# Possible stance limitations for olie/box



## jamesdthomas2 (Nov 22, 2011)

I am 5'9, 165 lbs, ride 157 board, +15/-15, 21 inch wide. I have two problems:

1. I can pop easily 2 feet but I can only Ollie about 2 inches off ground. I have difficulty putting even weight on back foot to start the Ollie. Is this because I ride -15 on back foot? Would switching this to 0 make ollie easier. Would making stance wider or smaller make this easier?

2. When I am on a box, I would like to 180 off. But I fell paralized when riding flat base. I often stall out in the air and can only get I couple of inches off the ground no matter which type of jumping method I use. Should I Ollie or pop off the box to get the 180. 

I appreciate any help with this.


----------



## boarderaholic (Aug 13, 2007)

Try widening your stance a tad. I have often found that when it's set too close together, it's much harder to ollie.


----------



## slyder (Jan 18, 2010)

jamesdthomas2 said:


> But I fell paralyzed when riding flat base. I often stall out in the air and can only get I couple of inches off the ground no matter which type of jumping method I use. Should I Ollie or pop off the box to get the 180.


Are there 2 questions here? Can't ollie and can't 180??

The 180 try winding your upper body more so that when you start the spin you have a lot of momentum. Since you said you stall out before getting all the way around. Then once you start to get it you will probably be able to reduce some of that wind up.


----------



## jamesdthomas2 (Nov 22, 2011)

Thanks for your help. And yes there are two question.I can 180 just fine on snow. Do u think a different stance set up will help me do this easier on a box? I have cartel bindings and ride at F1. Will a less agressive lean help?


----------



## Nefarious (Dec 26, 2010)

I've got an army footlocker that i practice on at home. I propel myself up onto it with various spins. sometimes I land 5-0, sometimes boardslide.

Either way, see if you have something laying around home that you can practice on. You spend a few weeks practicing and your ollie will improve in no time. Try propelling yourself up without popping off a lip/edge. It'll help build your leg muscles up.


----------



## KnoxBoarderX (Aug 26, 2011)

Like it was said before, a wider stance will help you ollie easier.

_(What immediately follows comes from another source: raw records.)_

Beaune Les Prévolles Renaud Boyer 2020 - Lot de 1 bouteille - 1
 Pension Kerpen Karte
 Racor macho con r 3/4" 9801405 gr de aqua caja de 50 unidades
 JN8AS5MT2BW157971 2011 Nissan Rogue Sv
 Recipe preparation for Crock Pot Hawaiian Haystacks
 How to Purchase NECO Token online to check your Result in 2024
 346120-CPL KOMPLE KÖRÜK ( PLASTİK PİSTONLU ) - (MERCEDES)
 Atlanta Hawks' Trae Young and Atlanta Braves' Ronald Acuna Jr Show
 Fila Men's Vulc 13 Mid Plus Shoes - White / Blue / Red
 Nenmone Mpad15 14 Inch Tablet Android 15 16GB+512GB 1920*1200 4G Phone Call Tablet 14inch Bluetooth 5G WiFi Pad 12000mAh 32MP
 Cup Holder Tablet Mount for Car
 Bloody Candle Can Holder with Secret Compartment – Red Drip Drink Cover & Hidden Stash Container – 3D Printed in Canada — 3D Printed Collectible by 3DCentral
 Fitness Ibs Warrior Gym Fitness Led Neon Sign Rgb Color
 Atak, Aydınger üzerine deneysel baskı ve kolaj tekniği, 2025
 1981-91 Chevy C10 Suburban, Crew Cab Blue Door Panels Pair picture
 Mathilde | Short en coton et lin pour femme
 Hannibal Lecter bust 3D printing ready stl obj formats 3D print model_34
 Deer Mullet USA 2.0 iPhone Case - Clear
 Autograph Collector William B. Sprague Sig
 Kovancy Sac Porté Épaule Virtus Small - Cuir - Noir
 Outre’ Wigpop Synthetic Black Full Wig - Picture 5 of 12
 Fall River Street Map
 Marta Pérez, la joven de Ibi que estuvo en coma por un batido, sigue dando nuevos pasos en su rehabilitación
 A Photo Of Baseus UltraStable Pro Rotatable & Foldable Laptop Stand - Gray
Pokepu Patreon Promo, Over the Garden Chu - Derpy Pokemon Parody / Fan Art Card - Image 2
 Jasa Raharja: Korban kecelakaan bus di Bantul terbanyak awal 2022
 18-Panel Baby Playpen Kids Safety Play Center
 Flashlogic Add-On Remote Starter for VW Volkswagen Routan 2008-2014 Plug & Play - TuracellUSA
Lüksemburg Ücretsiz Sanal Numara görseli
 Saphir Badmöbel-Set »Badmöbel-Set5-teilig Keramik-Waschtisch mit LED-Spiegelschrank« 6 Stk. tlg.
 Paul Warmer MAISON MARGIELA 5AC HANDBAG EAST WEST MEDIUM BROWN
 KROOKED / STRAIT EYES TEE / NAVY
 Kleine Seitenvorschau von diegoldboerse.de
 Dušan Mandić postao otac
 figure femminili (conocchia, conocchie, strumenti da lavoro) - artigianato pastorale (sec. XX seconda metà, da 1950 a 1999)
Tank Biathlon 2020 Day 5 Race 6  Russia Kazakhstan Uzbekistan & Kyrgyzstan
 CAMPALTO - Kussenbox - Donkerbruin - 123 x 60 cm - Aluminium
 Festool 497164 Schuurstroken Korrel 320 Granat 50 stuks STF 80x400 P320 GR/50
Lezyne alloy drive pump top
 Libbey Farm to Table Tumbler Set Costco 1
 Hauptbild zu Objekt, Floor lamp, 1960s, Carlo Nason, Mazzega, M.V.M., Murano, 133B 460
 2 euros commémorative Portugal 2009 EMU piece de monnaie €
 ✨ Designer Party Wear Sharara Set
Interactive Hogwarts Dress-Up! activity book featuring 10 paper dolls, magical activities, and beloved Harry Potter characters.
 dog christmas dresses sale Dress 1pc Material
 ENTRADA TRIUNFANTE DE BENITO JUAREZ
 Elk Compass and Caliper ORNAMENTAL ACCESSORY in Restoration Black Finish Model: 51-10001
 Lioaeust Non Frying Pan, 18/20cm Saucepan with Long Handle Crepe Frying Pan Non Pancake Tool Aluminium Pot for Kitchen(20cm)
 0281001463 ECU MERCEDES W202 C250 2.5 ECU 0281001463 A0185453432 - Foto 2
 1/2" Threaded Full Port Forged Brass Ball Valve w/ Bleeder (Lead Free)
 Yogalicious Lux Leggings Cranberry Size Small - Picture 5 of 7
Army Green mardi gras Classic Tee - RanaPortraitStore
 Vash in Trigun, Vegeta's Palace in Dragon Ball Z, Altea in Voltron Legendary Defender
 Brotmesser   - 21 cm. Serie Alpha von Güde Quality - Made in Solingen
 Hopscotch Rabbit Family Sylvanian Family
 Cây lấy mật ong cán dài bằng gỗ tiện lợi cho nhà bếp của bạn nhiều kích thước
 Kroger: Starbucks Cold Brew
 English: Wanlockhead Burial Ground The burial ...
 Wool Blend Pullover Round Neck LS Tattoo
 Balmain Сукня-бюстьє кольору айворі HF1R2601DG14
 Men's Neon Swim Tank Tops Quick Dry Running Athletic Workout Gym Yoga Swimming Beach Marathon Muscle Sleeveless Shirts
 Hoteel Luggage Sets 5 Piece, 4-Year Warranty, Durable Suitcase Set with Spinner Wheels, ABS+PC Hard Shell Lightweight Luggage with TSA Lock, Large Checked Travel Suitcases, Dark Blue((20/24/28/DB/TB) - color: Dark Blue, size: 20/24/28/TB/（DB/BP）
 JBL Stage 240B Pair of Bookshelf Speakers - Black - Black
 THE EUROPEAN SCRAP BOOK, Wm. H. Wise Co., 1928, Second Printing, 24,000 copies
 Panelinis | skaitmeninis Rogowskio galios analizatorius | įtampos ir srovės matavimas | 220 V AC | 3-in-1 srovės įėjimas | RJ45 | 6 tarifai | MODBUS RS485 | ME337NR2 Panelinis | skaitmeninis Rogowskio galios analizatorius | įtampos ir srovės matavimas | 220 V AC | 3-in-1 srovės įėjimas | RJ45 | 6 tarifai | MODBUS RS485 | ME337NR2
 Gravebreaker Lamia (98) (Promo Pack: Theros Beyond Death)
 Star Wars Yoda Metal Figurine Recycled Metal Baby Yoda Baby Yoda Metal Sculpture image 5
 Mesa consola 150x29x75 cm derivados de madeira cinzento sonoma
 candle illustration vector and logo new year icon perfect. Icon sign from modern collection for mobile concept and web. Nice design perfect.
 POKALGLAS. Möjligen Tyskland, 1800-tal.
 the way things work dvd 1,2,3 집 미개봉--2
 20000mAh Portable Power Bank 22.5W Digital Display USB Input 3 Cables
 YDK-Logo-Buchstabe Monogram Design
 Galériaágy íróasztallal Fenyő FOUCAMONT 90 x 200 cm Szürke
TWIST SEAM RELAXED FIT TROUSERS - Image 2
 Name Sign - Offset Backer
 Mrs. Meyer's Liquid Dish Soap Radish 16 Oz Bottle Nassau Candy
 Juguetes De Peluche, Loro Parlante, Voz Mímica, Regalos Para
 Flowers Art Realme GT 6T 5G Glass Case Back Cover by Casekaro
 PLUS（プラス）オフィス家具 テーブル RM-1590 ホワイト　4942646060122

Mine is about 23.5 to 24 inches. 

As for the 180 off the I wouldn't try to ollie, just give a little pop.


----------



## gjsnowboarder (Sep 1, 2009)

jamesdthomas2 said:


> I am 5'9, 165 lbs, ride 157 board, +15/-15, 21 inch wide. I have two problems:
> 
> 1. I can pop easily 2 feet but I can only Ollie about 2 inches off ground. I have difficulty putting even weight on back foot to start the Ollie. Is this because I ride -15 on back foot? Would switching this to 0 make ollie easier. Would making stance wider or smaller make this easier?
> 
> ...


1.) It is probably your technique with olling that is the issue not your board set-up. Suggestions such as widening or narrowing your width of stance can change your range of motion and limit or help you either way. From your board and physical stats this most likely is not the case. That being said experimenting with your stance width is never a bad thing. If you do this experiment first by finding our how narrow and wide you can go first. Then start changing the width by smaller amounts till you have a spot that feels comfortable and lets your body have the max amount of motion both vertically and horizontally.


2.) a 180 DO NOT WIND( a large wind up can compromise your ability to move and have undesired consequences to how your board reacts to what is on top off) up a lot to 180 off a rail this will end in disaster. a 180 is a quick spin no need for a power rotation. These are two ways to 180 off of a rail. One is due to your stance on the rail your upper and lower body may already be countered to each other. In this case when 180 off the rail lossen up your core and your lower and upper body should come back into alignment. You may need to use some slight rotation to complete the spin, but it could be as simple as aiming your should and or hips in the direction of your landing. TWO, with your lower body move your legs like a pair of scissors (i.e. opposite of each other). This quick movement can be accomplished after the end of the rail or before leaving the end of the rail if popping off.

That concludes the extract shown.